*Exercise goal:* Starting with the first line of the data below, copy each line up to and including the one containing "YTRRC go International 2025". Pictures stay out.

════

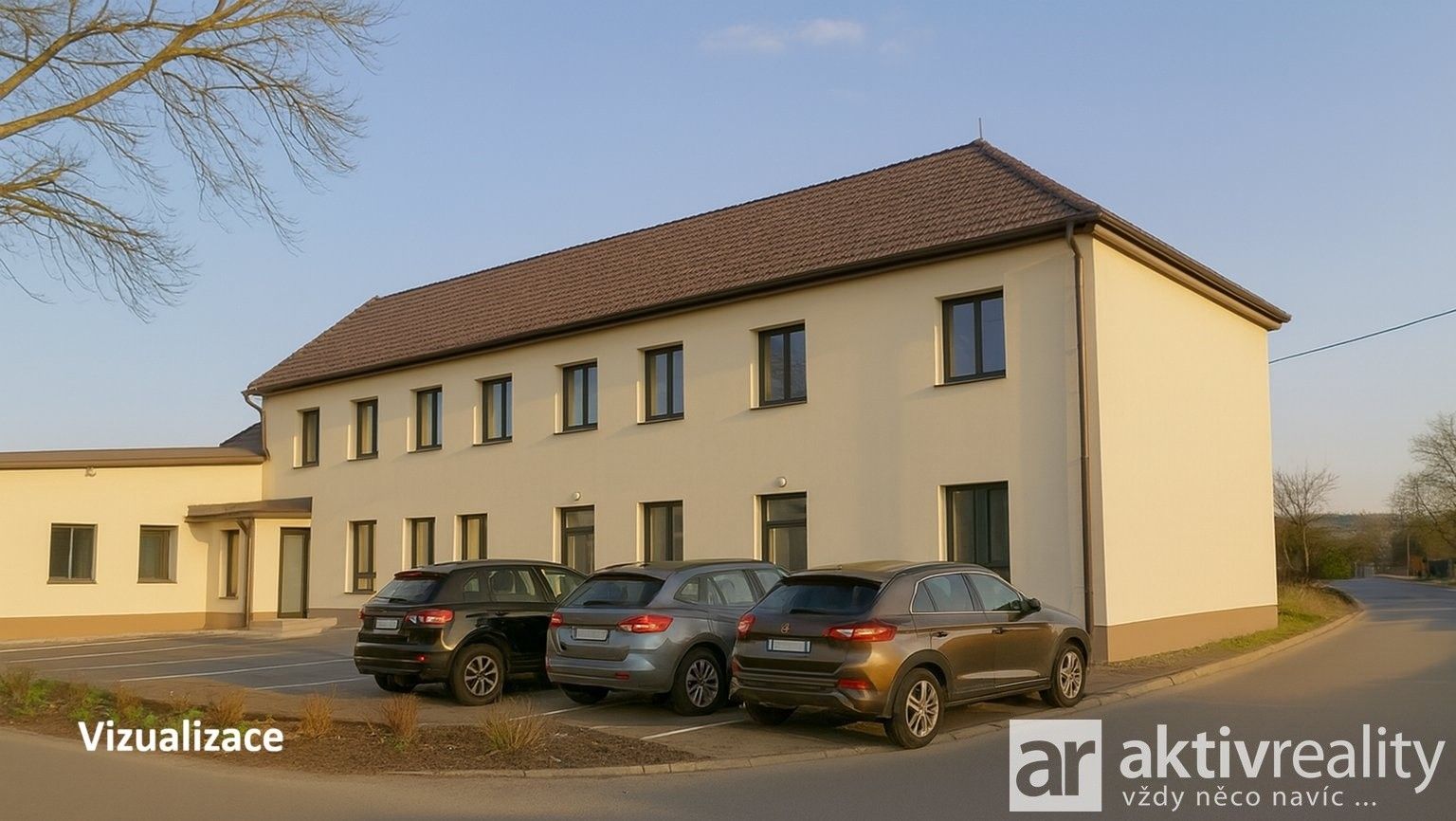 Prodej komerčního prostoru 620 m² - foto 5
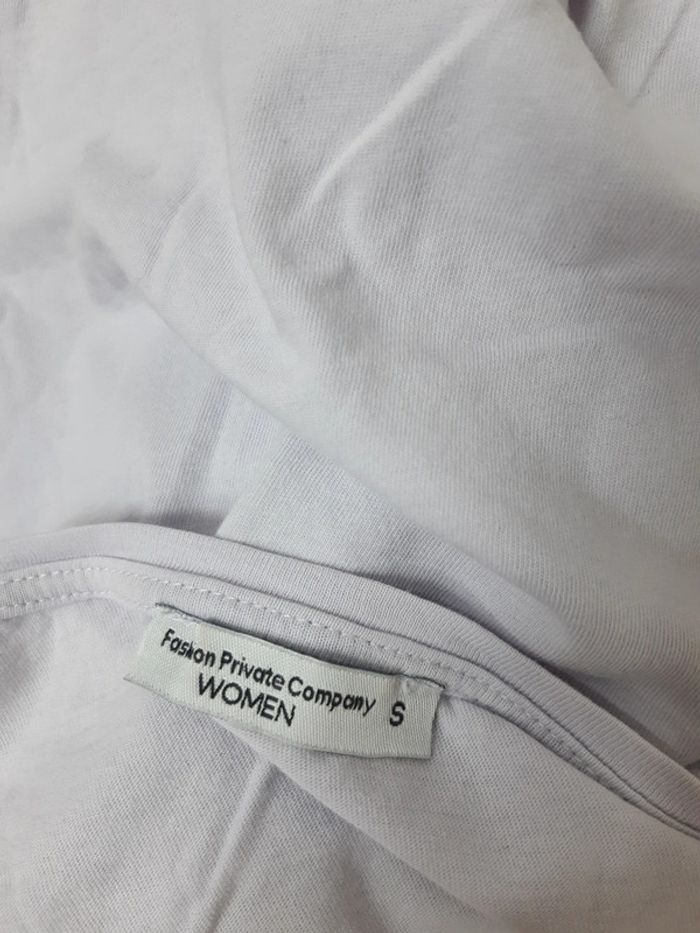 Tee shirt FPC T36 - photo numéro 6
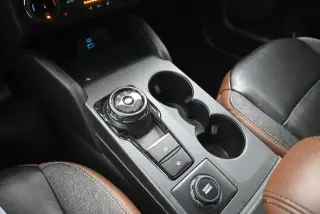 Ford Bronco Sport 2022 AWD Outer Banks 4dr SUV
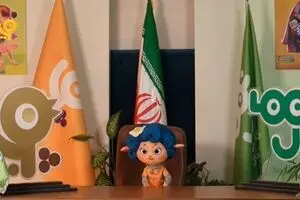 تبلیغات ویژه تلویزیون برای «ببعی قهرمان»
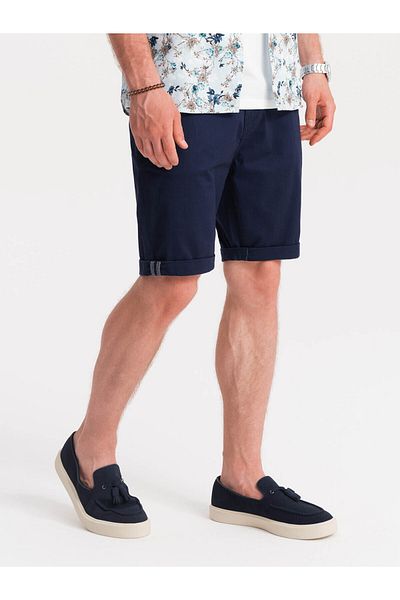 OMBRE Chino Shorts W243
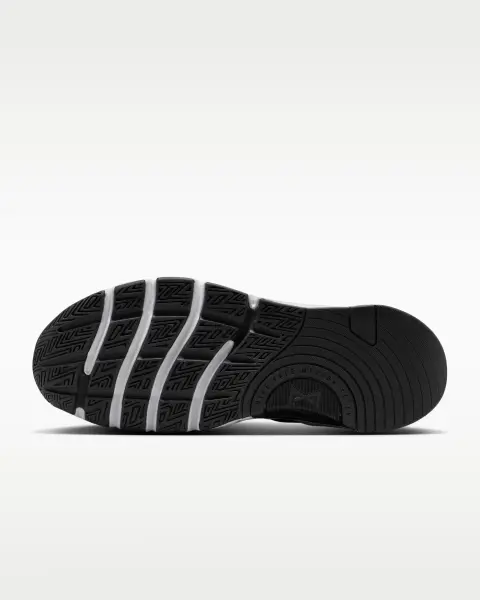 Кроссовки для тренировок Nike FREE METCON 7 черно-белые II7405-002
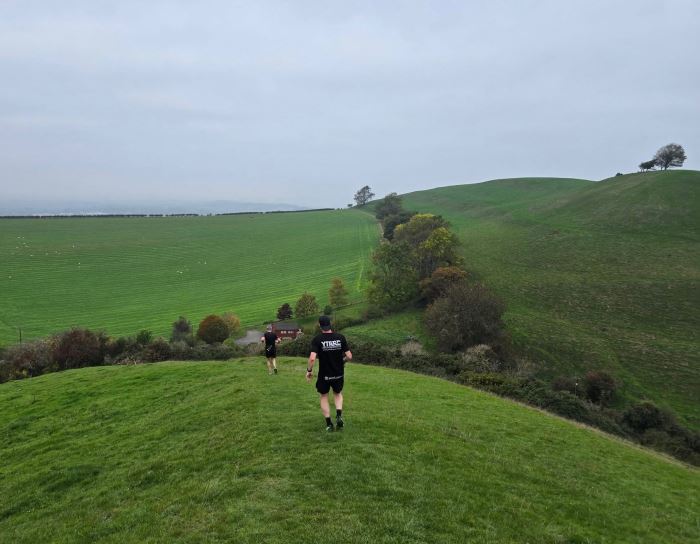 YTRRC go International 2025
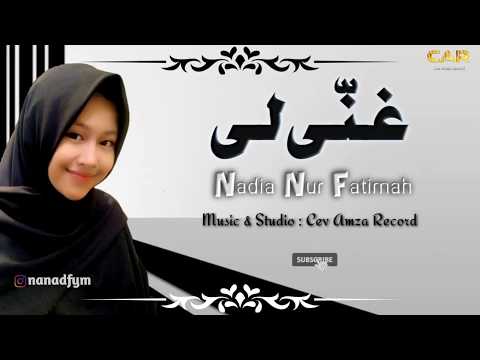 Nadia Nur Fatimah || Ghannili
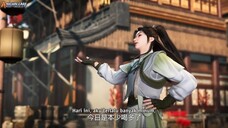 Ling Tian Di Zun Episode 7 Sub Indonesia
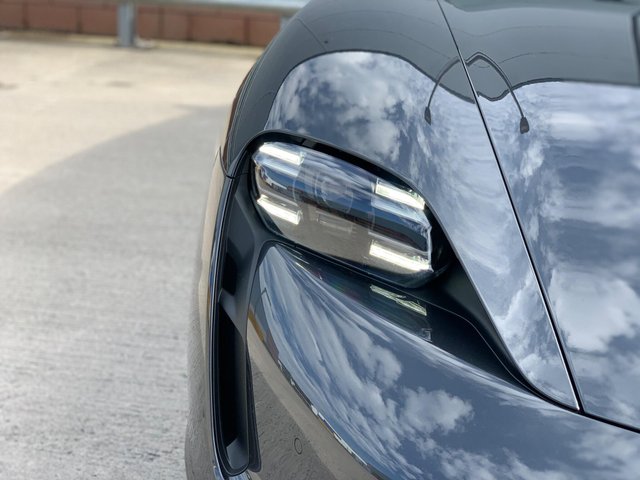 View our PORSCHE TAYCAN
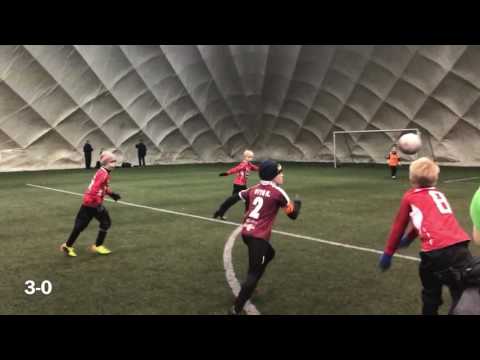 NuPS 08 Mustat - HyPS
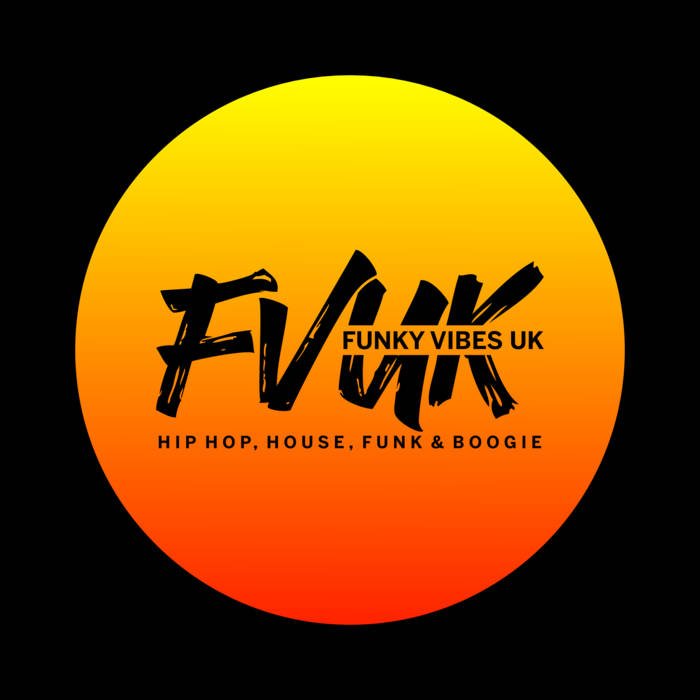 Dj XS Funk & Soul Essentials | FVUK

════

*Task output:*
 Prodej komerčního prostoru 620 m² - foto 5
 Tee shirt FPC T36 - photo numéro 6
 Ford Bronco Sport 2022 AWD Outer Banks 4dr SUV
 تبلیغات ویژه تلویزیون برای «ببعی قهرمان»
 OMBRE Chino Shorts W243
 Кроссовки для тренировок Nike FREE METCON 7 черно-белые II7405-002
 YTRRC go International 2025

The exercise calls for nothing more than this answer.